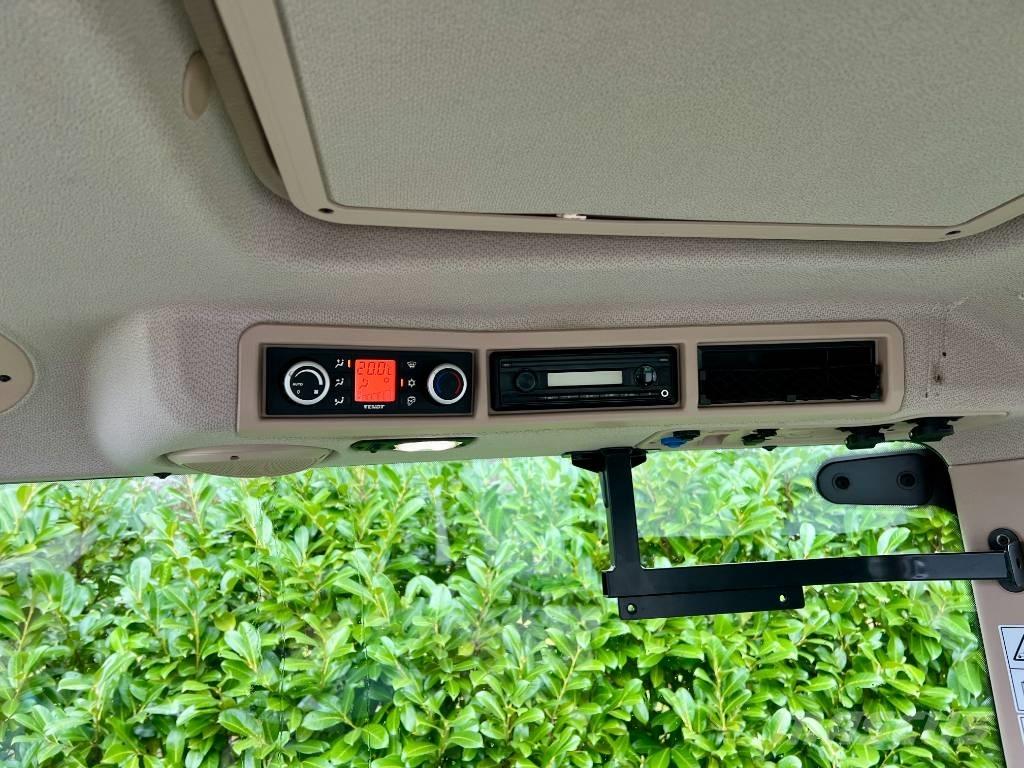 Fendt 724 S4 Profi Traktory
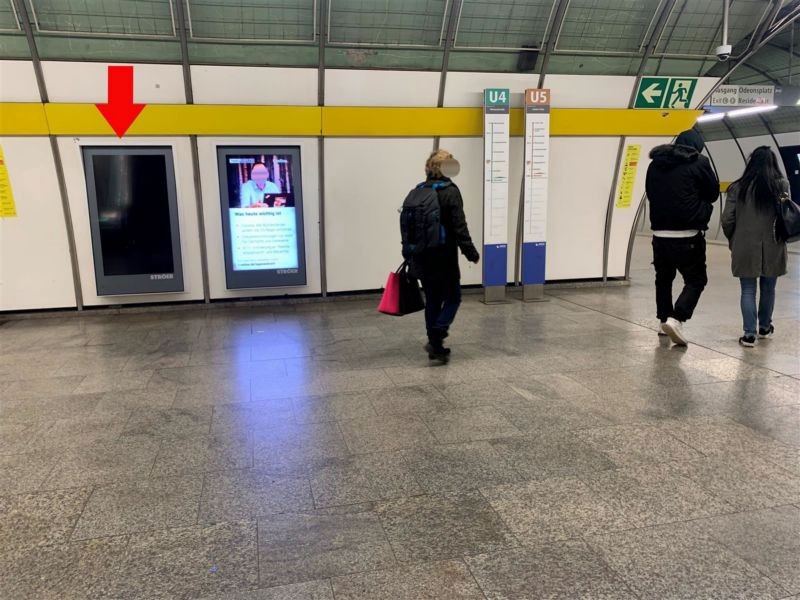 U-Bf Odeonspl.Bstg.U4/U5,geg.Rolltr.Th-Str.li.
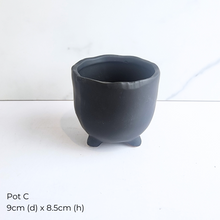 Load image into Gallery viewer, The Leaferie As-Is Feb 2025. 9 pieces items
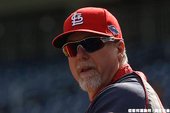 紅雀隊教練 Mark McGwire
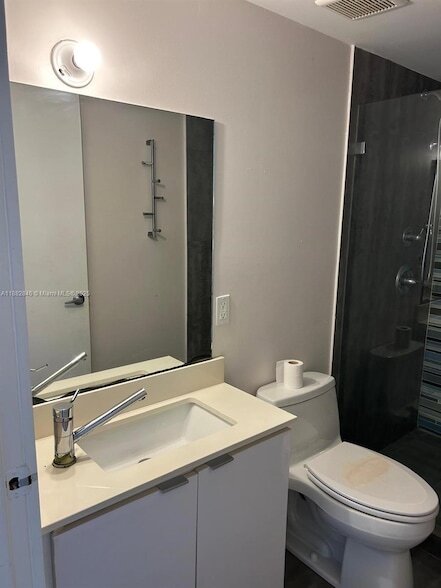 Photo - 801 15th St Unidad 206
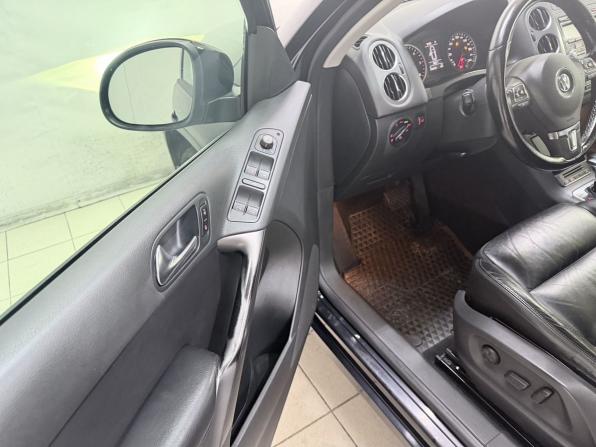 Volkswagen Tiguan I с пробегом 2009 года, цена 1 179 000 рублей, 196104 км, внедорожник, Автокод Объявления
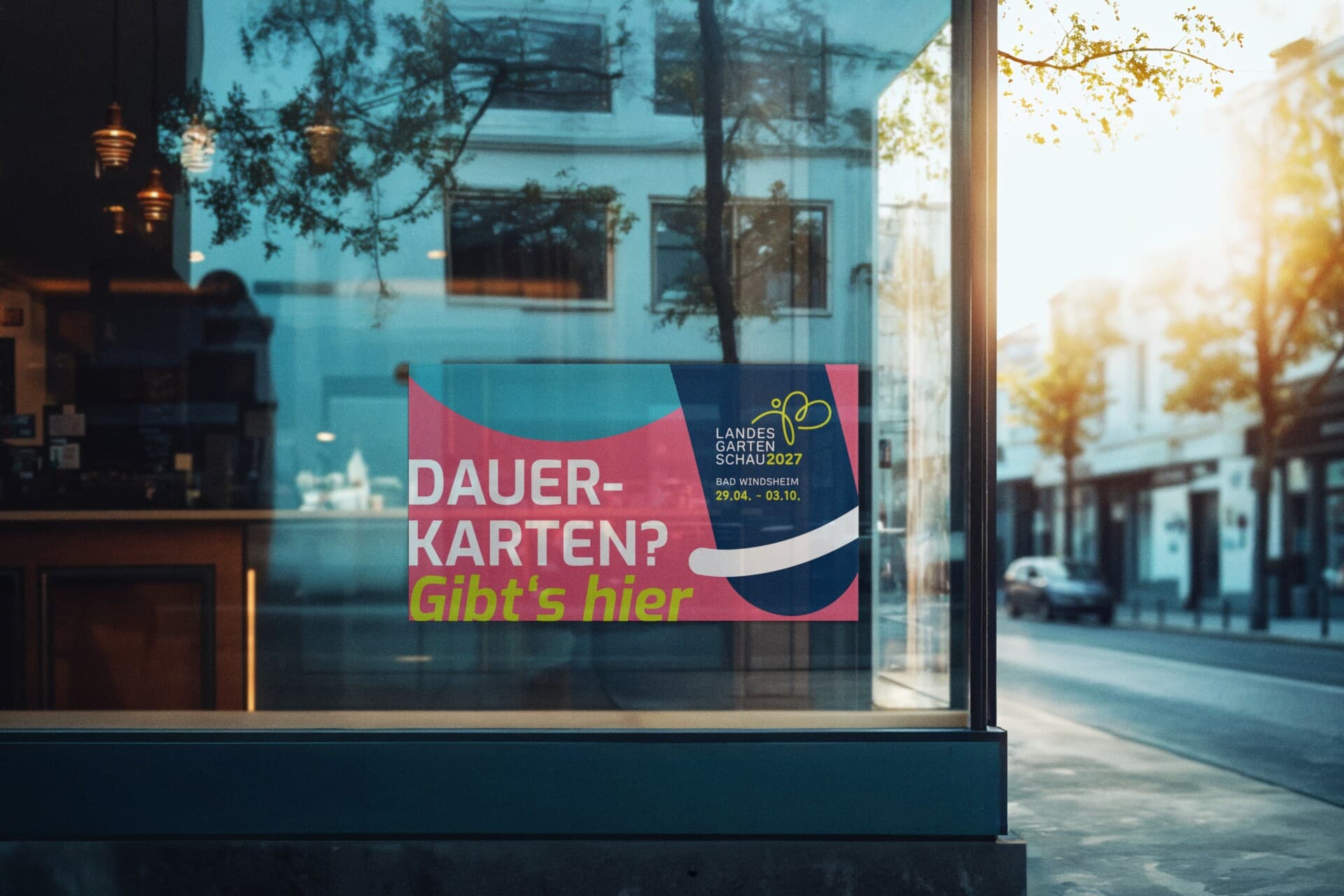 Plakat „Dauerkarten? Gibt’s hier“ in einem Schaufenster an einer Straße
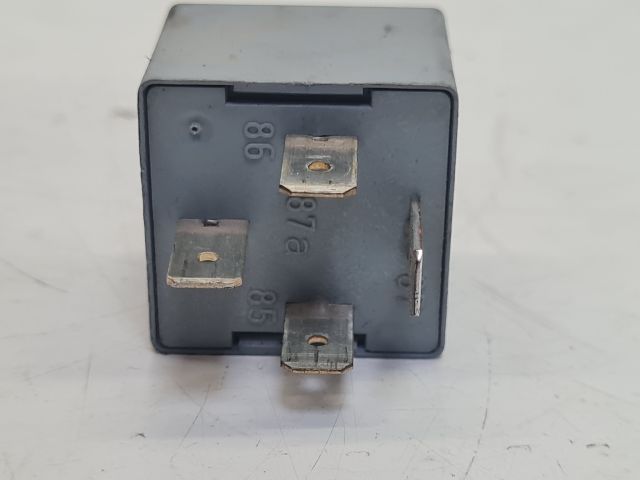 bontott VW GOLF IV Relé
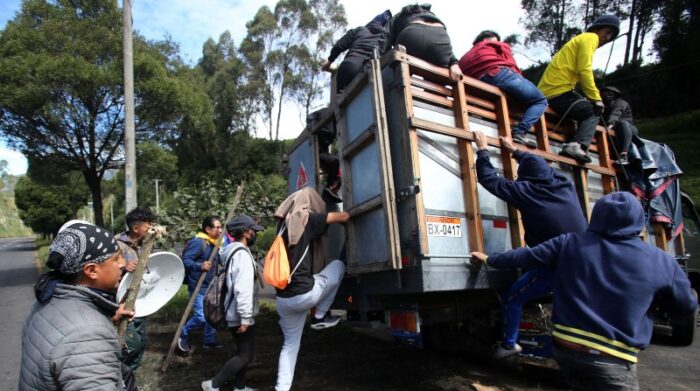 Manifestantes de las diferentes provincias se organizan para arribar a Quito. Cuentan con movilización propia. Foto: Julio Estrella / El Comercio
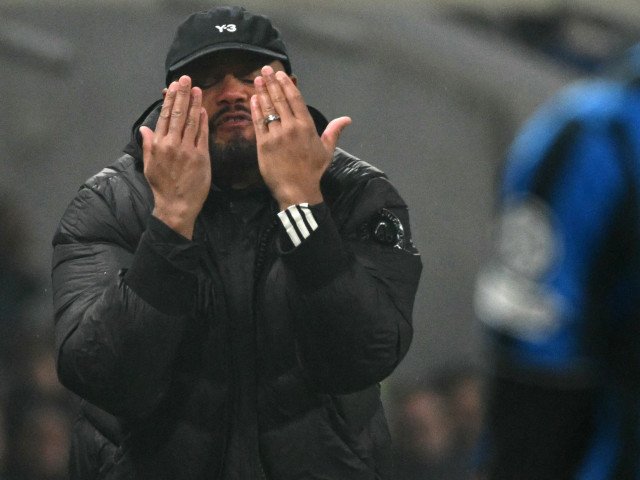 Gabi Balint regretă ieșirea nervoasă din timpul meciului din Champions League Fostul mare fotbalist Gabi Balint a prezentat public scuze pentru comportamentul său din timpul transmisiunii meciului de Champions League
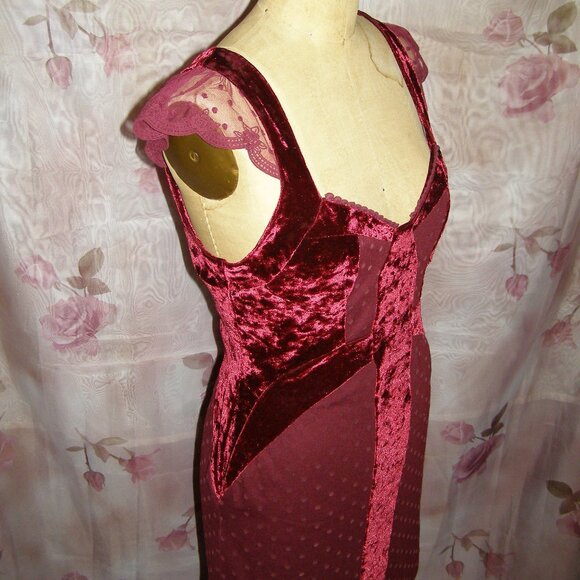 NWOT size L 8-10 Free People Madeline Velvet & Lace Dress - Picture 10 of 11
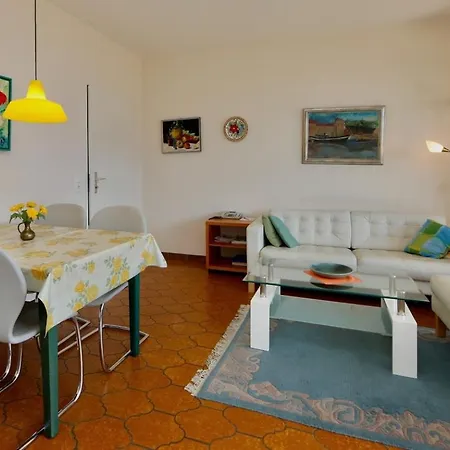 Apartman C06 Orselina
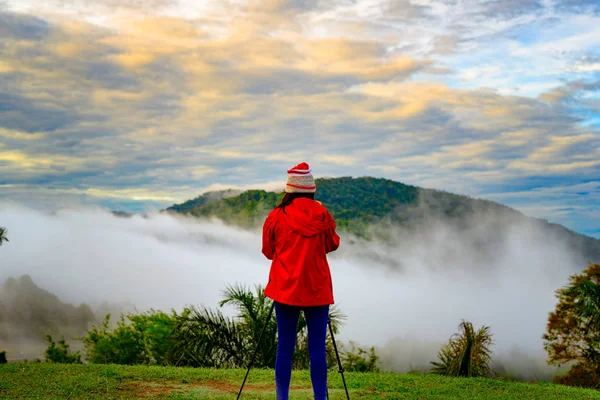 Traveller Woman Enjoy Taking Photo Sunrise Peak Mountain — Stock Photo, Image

* * * * * * *

**TASK TO COMPLETE**
Copy exactly the lines that run from the line containing "bontott VW GOLF IV Relé" to the end of the data above, keeping both end lines and leaving out all pictures.

**WRITTEN REPLY**
 bontott VW GOLF IV Relé
 Manifestantes de las diferentes provincias se organizan para arribar a Quito. Cuentan con movilización propia. Foto: Julio Estrella / El Comercio
 Gabi Balint regretă ieșirea nervoasă din timpul meciului din Champions League Fostul mare fotbalist Gabi Balint a prezentat public scuze pentru comportamentul său din timpul transmisiunii meciului de Champions League
 NWOT size L 8-10 Free People Madeline Velvet & Lace Dress - Picture 10 of 11
 Apartman C06 Orselina
 Traveller Woman Enjoy Taking Photo Sunrise Peak Mountain — Stock Photo, Image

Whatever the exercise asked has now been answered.